/---

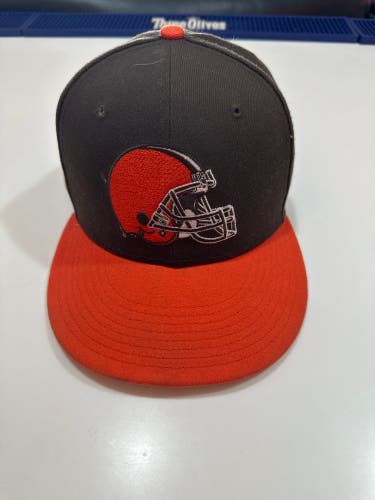 New Era 59fifty Fitted Cleveland Browns Hat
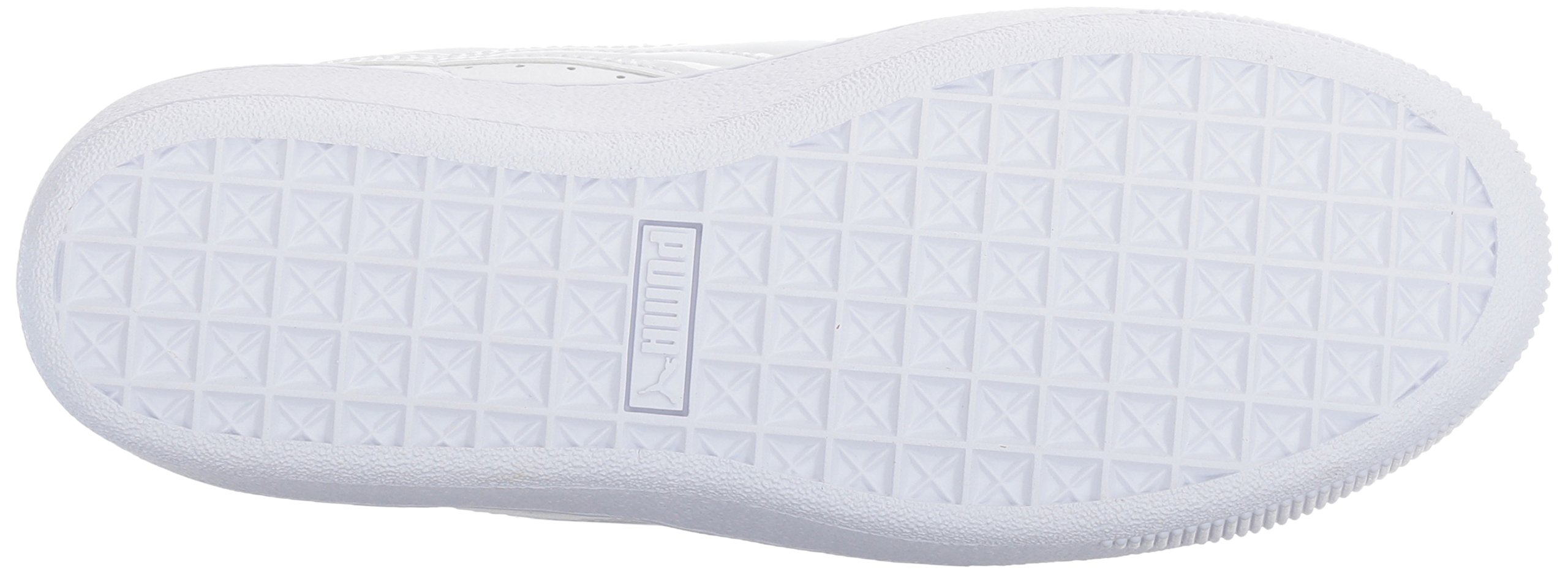 Puma Womens Vikky Platform Leather Sneaker Desertcart Seychelles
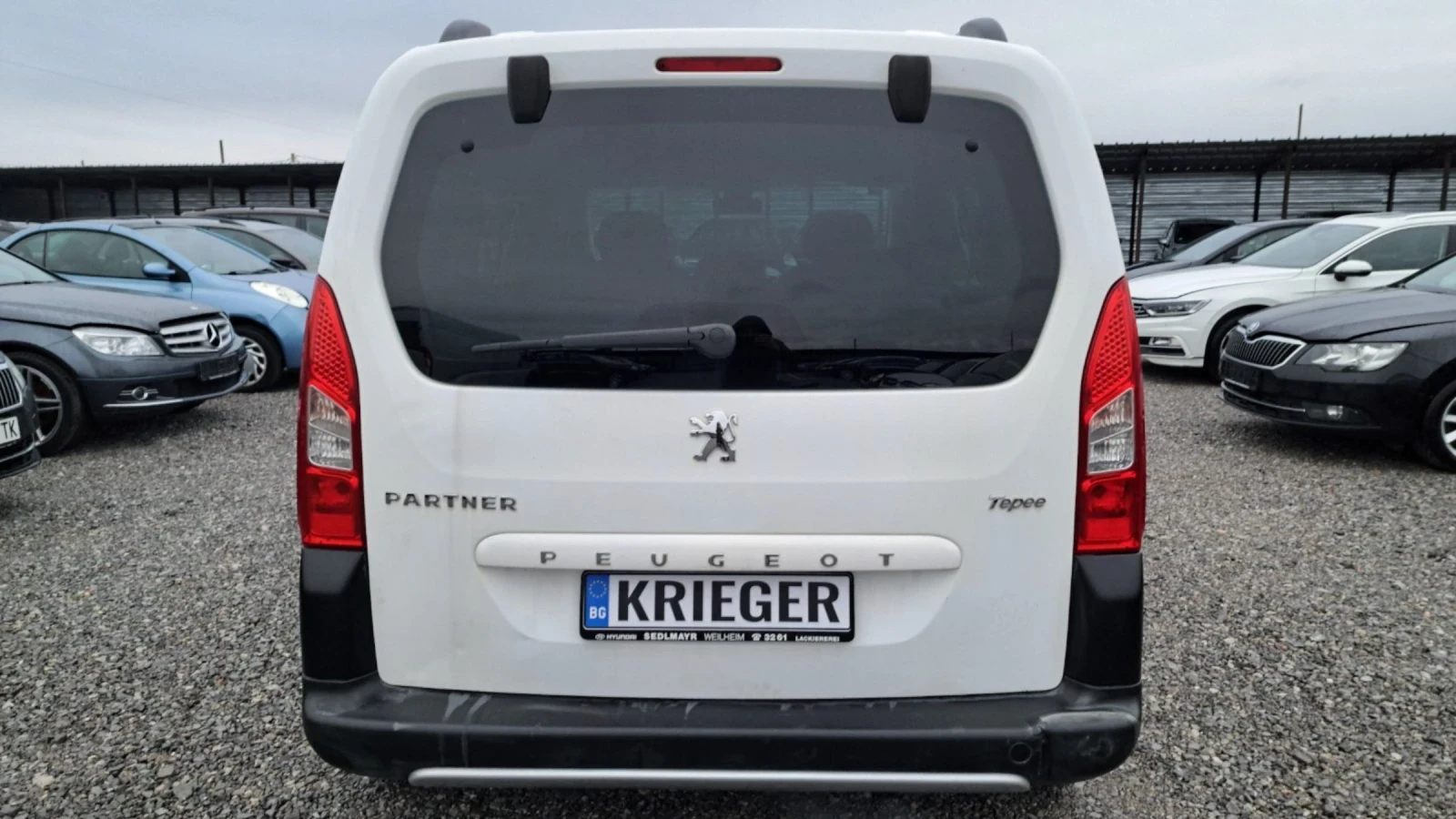 Peugeot Partner 1.6HDI TEPEE NOV VNOS GERMANY - изображение 6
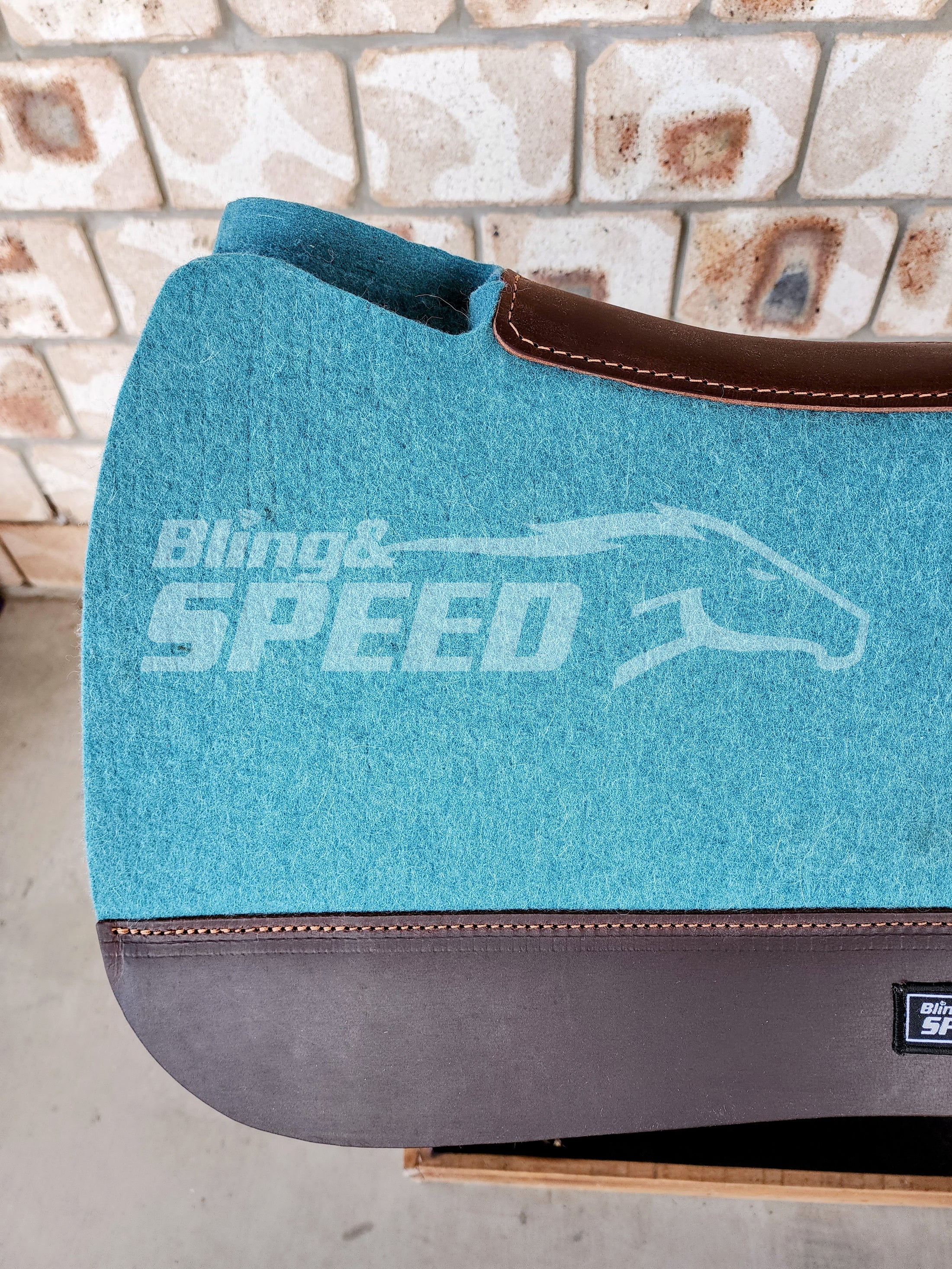 Wither Relief Saddle Pad - Turquoise (7954225234158)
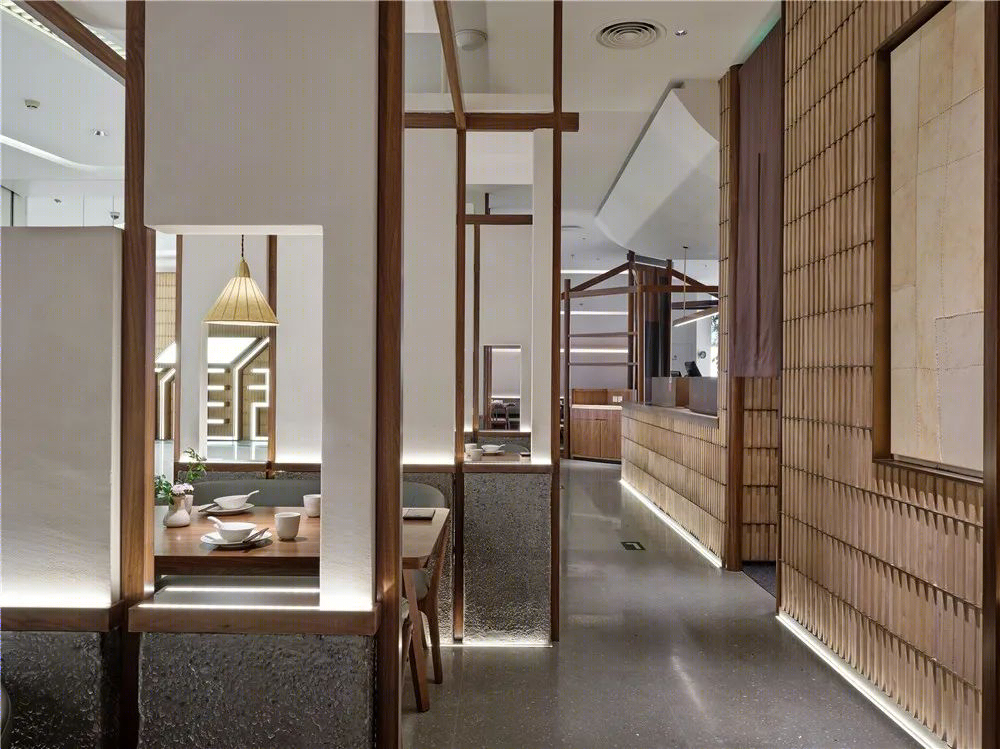 “雁舍”品牌餐厅(长楹天街店)室内设计丨中国北京丨元古集团 无之设计-39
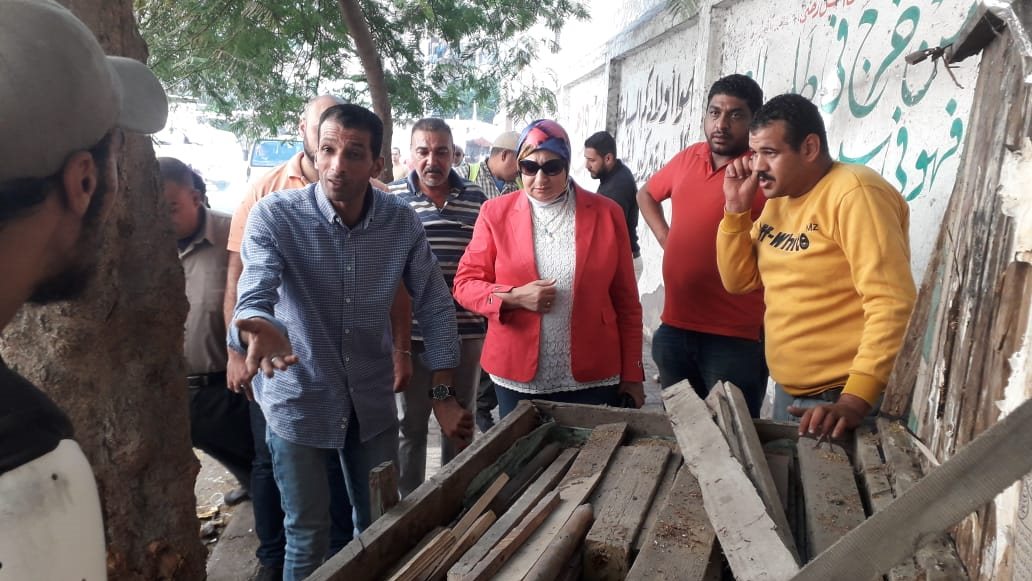 حملات مكبرة بأحياء الإسكندرية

\---

Everything in the data above should be set down again exactly, except the pictures.

### Written response:
 New Era 59fifty Fitted Cleveland Browns Hat
 Puma Womens Vikky Platform Leather Sneaker Desertcart Seychelles
 Peugeot Partner 1.6HDI TEPEE NOV VNOS GERMANY - изображение 6
 Wither Relief Saddle Pad - Turquoise (7954225234158)
 “雁舍”品牌餐厅(长楹天街店)室内设计丨中国北京丨元古集团 无之设计-39
 حملات مكبرة بأحياء الإسكندرية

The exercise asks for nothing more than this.